アミューズメントカジノの法的な位置づけについてはこちらの記事で詳しく解説しています。
費用を抑えるコツ
- 居抜き物件を探す: 内装費が半分以下になることも
- ポーカー専門にする: 総合型より設備費が大幅に安い
- 中古設備の活用: テーブルやチップは中古市場がある
- SNS集客に注力: 広告費を抑えて初期はSNSで認知を広げる
- 小さく始める: テーブル3〜4台で始めて、軌道に乗ったら拡大
まとめ
小規模なら800万円台から、中規模で1,500万円以上。運転資金を含めると1,000万円以上は見ておくのが現実的。
費用を抑えるなら「ポーカー専門 + 居抜き物件」の組み合わせが有効。小さく始めて、実績を作りながら拡大するのが堅実な進め方。

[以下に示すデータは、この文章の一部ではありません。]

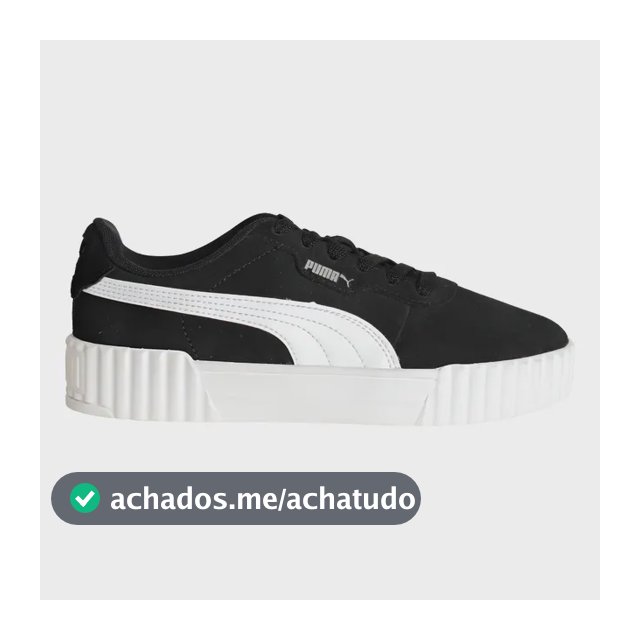 Tênis Feminino Puma Carina 3.0 Sd Bdp Casual Conforto Macio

大阪IR開業によるアミューズメントカジノ業界の今後も踏まえると、市場は今後も拡大が見込まれます。参入を検討しているなら、まずは費用感を把握したうえで、小さくスタートするのがおすすめです。
この記事は2026年3月時点の情報に基づいています。費用は目安であり、立地・規模・時期により大きく異なります。